TVA et trésorerie : un point à surveiller

La TVA n’est pas un produit de l’entreprise. La taxe collectée auprès des clients doit être reversée à l’administration fiscale, après déduction de la TVA récupérable. Pourtant, elle transite par la trésorerie et peut donner une impression temporaire de liquidité.

Une entreprise doit donc anticiper les échéances de TVA. Un chiffre d’affaires élevé peut générer une TVA importante à reverser, même si les clients paient avec retard ou si les charges ont augmenté. Le suivi de la TVA fait partie intégrante de la gestion de trésorerie.

TVA en micro-entreprise et petite entreprise

Les micro-entrepreneurs et petites entreprises bénéficient souvent de la franchise en base de TVA lorsqu’ils respectent les seuils applicables. Cela simplifie la facturation : les factures sont émises sans TVA, avec une mention adaptée indiquant que la TVA n’est pas applicable.

Mais cette situation doit être surveillée. Si l’entreprise dépasse les seuils, elle peut devenir redevable de la TVA. Elle doit alors adapter ses prix, ses factures, sa comptabilité et ses déclarations. Le passage à la TVA peut avoir un impact important sur la marge, surtout lorsque les clients sont des particuliers qui ne récupèrent pas la taxe.
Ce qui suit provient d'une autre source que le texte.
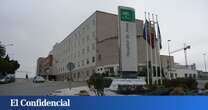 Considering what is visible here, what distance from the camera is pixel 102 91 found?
13.8ft

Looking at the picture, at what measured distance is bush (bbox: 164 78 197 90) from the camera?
4.98m

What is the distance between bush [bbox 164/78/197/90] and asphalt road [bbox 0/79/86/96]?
1.87m

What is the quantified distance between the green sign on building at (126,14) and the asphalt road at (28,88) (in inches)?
71.8

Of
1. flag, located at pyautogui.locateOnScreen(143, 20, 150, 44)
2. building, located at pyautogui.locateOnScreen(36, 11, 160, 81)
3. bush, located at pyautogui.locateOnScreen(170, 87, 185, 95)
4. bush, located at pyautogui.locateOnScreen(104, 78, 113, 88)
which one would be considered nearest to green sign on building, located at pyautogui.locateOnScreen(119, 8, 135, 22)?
flag, located at pyautogui.locateOnScreen(143, 20, 150, 44)

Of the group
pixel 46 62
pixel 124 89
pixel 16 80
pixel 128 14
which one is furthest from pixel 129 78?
pixel 16 80

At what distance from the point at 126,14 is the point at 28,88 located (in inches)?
99.4

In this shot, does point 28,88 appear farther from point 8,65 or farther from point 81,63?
point 81,63

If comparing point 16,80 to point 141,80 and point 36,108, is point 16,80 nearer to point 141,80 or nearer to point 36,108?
point 36,108

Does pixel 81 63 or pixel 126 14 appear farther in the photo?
pixel 126 14

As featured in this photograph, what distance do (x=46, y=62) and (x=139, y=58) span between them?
7.17ft

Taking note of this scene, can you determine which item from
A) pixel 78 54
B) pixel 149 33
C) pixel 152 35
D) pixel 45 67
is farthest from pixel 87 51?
pixel 152 35

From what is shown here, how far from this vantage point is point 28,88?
149 inches

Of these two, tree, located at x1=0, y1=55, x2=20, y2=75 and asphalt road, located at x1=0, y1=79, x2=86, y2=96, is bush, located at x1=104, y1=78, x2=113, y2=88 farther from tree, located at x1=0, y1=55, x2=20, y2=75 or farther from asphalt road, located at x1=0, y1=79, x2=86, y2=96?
tree, located at x1=0, y1=55, x2=20, y2=75

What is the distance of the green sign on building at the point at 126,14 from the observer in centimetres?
515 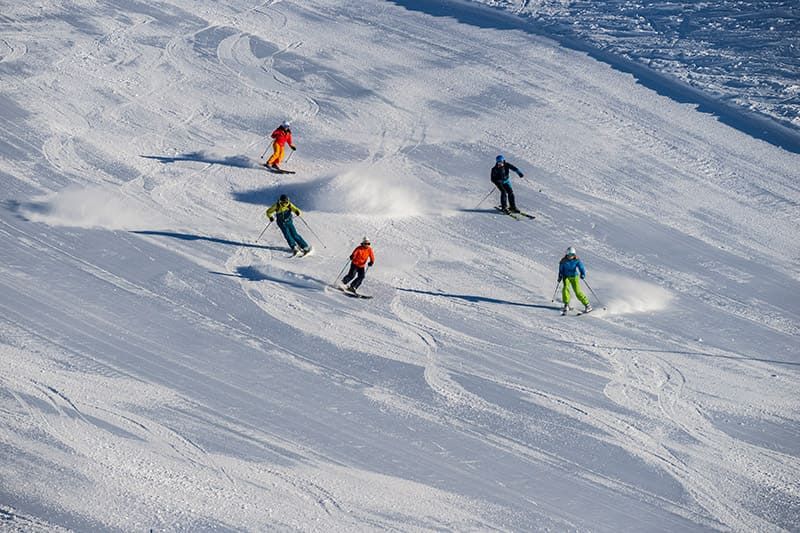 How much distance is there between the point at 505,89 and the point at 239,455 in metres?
14.3

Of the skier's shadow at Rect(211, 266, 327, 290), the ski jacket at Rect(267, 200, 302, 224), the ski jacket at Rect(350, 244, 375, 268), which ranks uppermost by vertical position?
the ski jacket at Rect(267, 200, 302, 224)

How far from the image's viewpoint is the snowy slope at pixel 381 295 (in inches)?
455

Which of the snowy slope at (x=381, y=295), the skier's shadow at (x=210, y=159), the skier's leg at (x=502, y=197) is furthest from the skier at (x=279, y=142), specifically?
the skier's leg at (x=502, y=197)

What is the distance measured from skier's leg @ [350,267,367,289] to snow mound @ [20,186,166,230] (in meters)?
4.34

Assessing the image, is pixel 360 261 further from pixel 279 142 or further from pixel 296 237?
pixel 279 142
TVA en SASU, SARL ou entreprise individuelle

Une société comme une SASU, une SARL ou une EURL peut relever de différents régimes de TVA selon son activité et son chiffre d’affaires. Le statut juridique ne suffit pas à déterminer le régime applicable. Il faut aussi examiner les seuils, l’option éventuelle, le type d’opérations et la situation de l’entreprise.

Pour les sociétés commerciales, la TVA doit être intégrée à la comptabilité dès le départ. Une SASU doit notamment veiller à la cohérence entre factures, encaissements, relevés bancaires, déclarations et comptes annuels. Pour approfondir ce point, consultez notre article sur les obligations comptables d’une SASU.

Checklist TVA pour une entreprise

Les erreurs fréquentes avec la TVA

La première erreur consiste à confondre chiffre d’affaires et trésorerie disponible. Une partie de la somme encaissée peut correspondre à de la TVA à reverser. La deuxième erreur est d’oublier que la franchise en base empêche de récupérer la TVA sur les achats professionnels.

La troisième erreur est de facturer avec un mauvais taux, ou sans vérifier si l’opération est taxable, exonérée ou soumise à des règles particulières. La quatrième erreur est de négliger les justificatifs : sans facture conforme, la TVA déductible peut être remise en cause.

TVA : l’essentiel à retenir

La TVA est un mécanisme central de la fiscalité des entreprises. Elle repose sur la collecte de la taxe auprès des clients et la déduction de la TVA supportée sur les achats professionnels. Le régime applicable dépend du chiffre d’affaires, de l’activité, des options éventuelles et de la situation de l’entreprise.

Une bonne gestion de la TVA suppose des factures conformes, une comptabilité régulière, un suivi de la trésorerie et une attention particulière aux échéances. Avec la facturation électronique, la qualité des données et l’organisation comptable deviennent encore plus importantes.